The Federal Reserve has indicated that they will continue to hike up interest rates in spite of criticism from president Donald Trump and others who see the hike as damaging to the economy. The Feds officials are dedicated to the belief that rising rates will contribute to a more stable economy.
If you have student loans, credit card debt, or a home equity line of credit, you may be seeing the cost of those loans jump up yet again. A summary of the September 25-26 Federal Open Market Committee session reflected both confidence in the rate of economic growth and some hesitancy over the impact that tariffs might have on the future path, according to a report by CNBC.
Unfortunately, ultimately, the committee unanimously voted to approve a quarter-point hike to its benchmark rate target, with members indicating that more increases are on the way. The increase took the target range to 2 percent to 2.25 percent. Although this news isn’t exactly new, it has now begun to have a negative effect on the wallets of some Americans and on the federal government. As the government continues to commit suicide with their rising national debt, soon, just the interest on the debt will surpass the United States’ bloated military budget.
“With regard to the outlook for monetary policy beyond this meeting, participants generally anticipated that further gradual increases in the target range for the federal funds rate would most likely be consistent with a sustained economic expansion, strong labor market conditions, and inflation near 2 percent over the medium term,” the minutes read.
Even though Trump has criticized the rising rates, the Fed turned the tables on him, saying his policies aren’t much better. “Despite this optimism [over a strong economy], a number of contacts cited factors that were causing them to forego production or investment opportunities in some cases, including labor shortages and uncertainty regarding trade policy,” the minutes said. “In particular, tariffs on aluminum and steel were cited as reducing new investment in the energy sector. Contacts also suggested that firms were attempting to diversify the set of countries with which they trade — both imports and exports — as a result of uncertainty over tariff policy,” the summary added.

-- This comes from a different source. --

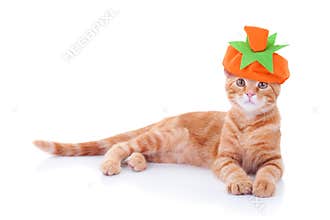 Thanksgiving Halloween Pumpkin Cat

The move to hike rates again is in keeping with recent remarks from several Fed officials, who appear to be veering away from targeting a longer-run “neutral” rate that is neither restrictive nor accommodative and instead, letting economic data and financial conditions be the guide. The minutes note that all future policy moves would “depend on the evaluation of incoming information and its implications for the economic outlook. “In this context, estimates of the level of the neutral federal funds rate would be only one among many factors that the Committee would consider in making its policy decisions.”